Letters to the Editor

Letters: Dems cutting off their own noses

Democratic Rep. Ami Bera failed to receive enough support from activists to secure the Democratic endorsement for his re-election. The vote was 61 percent in favor of backing him to 39 percent opposed. Bera needed 70 percent of the vote to avoid further deliberation. The setback means the two-term congressman from Elk Grove will have to wait until the Feb. 28 state party convention to again seek the nomination.
Democratic Rep. Ami Bera failed to receive enough support from activists to secure the Democratic endorsement for his re-election. The vote was 61 percent in favor of backing him to 39 percent opposed. Bera needed 70 percent of the vote to avoid further deliberation. The setback means the two-term congressman from Elk Grove will have to wait until the Feb. 28 state party convention to again seek the nomination. MCT

Dems cutting off their own noses

Re “Dems deny Bera: he’ll try again soon” (Capitol & California, Feb. 1): So local Democrats failed to endorse Rep. Ami Bera for re-election in a deeply divided district, thereby giving at least tacit support to his only current challenger, Republican Scott Jones. It’s especially head-scratching that one of Bera’s sins was voting to advance a trade agreement proposed by our Democratic president.

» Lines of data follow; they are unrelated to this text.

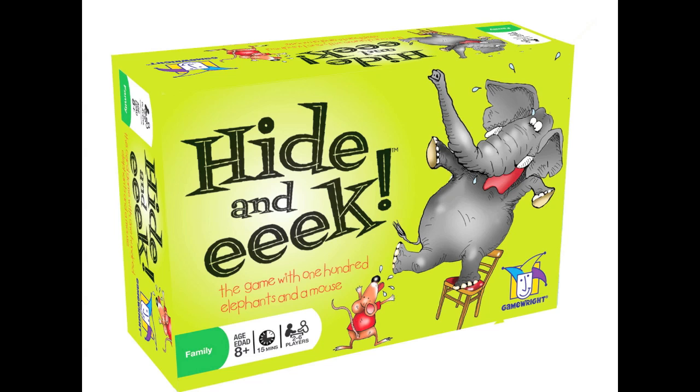And now it's time for another Dice Tower review with Tom Vassell. Welcome to the Dice Tower! Today we're going to talk about Hyde and Eek!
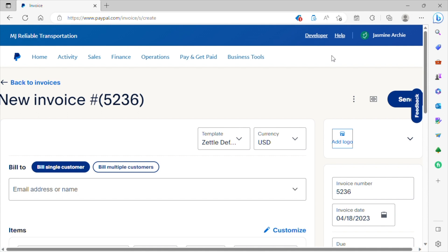And again, on the main screen once you log in, where you see the icon that says invoicing, you're going to click on that icon. And at the right hand corner, it'll say create an invoice. So once you click on that, it'll bring you to this screen here.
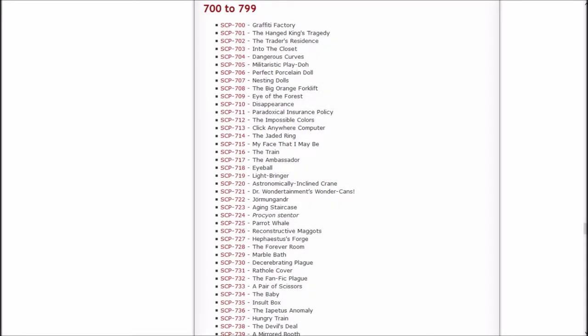Howdy, my name is Inachi Sasuke and welcome back to Let's Read the SCP Foundation Wiki. In the last episode we read about a porcelain doll, some nesting dolls, a forklift, the eye of the forest, and disappearance.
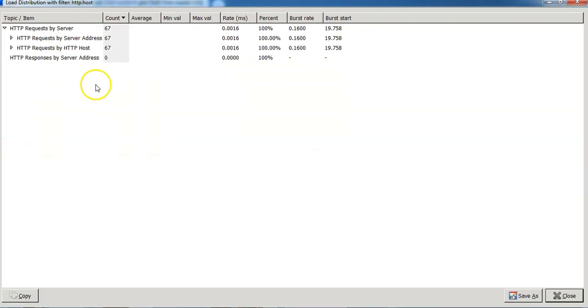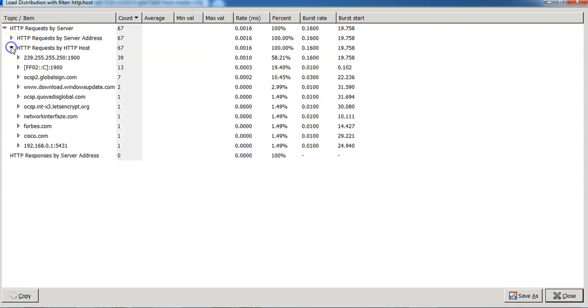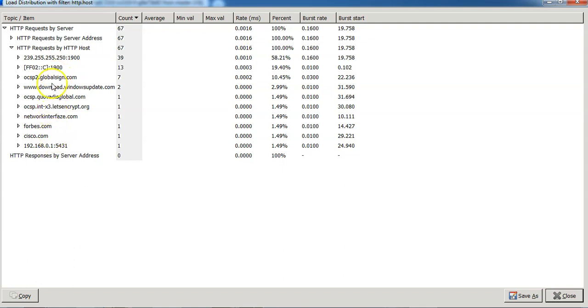So here if I go to http request by http host you can see that the list of websites which have been accessed and captured on this particular Wireshark capture is displayed.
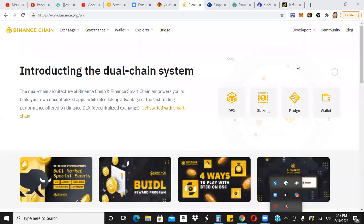All right guys, just want to do a quick video for you guys and get you started here on the Binance Smart Chain Network if you are interested in doing that.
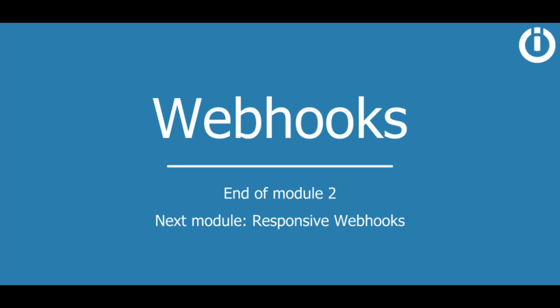In the next video, you will learn how to send a response to a webhook. See you in the next lesson.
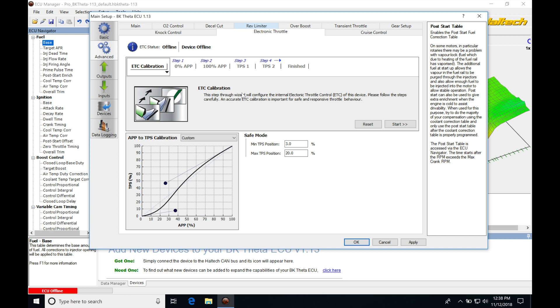But first we have to calibrate it. We have to calibrate the accelerator pedal position in the vehicle so that the Haltech understands what to do, and when we move our throttle with the accelerator pedal position sensor, it's going to sense that and then send the correct output towards the throttle plate to control it.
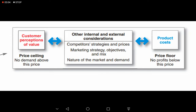You cannot set price in silos — you have to look at it in conjunction with the other components of the marketing mix: product, price, promotion, and placement. Regarding the nature of the market, if consumers are more frugal, you will price nearer the floor. But if demand for your product is relatively inelastic — customers will buy it no matter the price — you can charge a higher price, near the ceiling, like $8 or $9.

As a registered Democrat I’m a little confused because we clearly need to retain and, hopefully, increase our numbers in Congress. Somehow this just doesn’t seem like the best way to go about meeting that objective. Talk about cutting off your nose to spite your face.

On the bright side, at least my party is not giving the Republicans a lock on goofiness this year.

Marsha Holmes, Elk Grove

Democrats acting like tea party zealots

I’m having a difficult time seeing the real difference between tea party zealots and their counterparts in the Democratic Party in California. Consider the statement by Robert Longer of the Communications Workers of America Local No. 9421: “I think Congressman Bera needs to do some soul searching as to whether he’s a real Democrat, or not.”

What exactly is that supposed to mean? Would Longer rather have another Dan Lungren as his congressman?

Robert A. Dell’Agostino, Sacramento

False impression on Clinton emails

Re “Clinton pushes back as emails deemed ‘top secret’” (Page 1A, Jan. 30): Hillary Clinton did nothing wrong, but you have to read deep into the article to find that the emails in question were sent to her and not by her, and were not marked classified at the time they were sent.

Judy James, Newcastle

Dan Walters correct regarding Kamala Harris

Re “Harris ducks big betting bill” (Insight, Jan. 29): In his column, Dan Walters expressed what I’ve been thinking for many months: Attorney General Kamala Harris is avoiding controversial decisions because she is running for higher office.

I am strongly averse to electing a new U.S. senator when the candidate has only shown talent for political correctness and a preference for issue-avoidance. California and America need leaders to occupy these powerful positions, with fully developed viewpoints and the courage of their convictions.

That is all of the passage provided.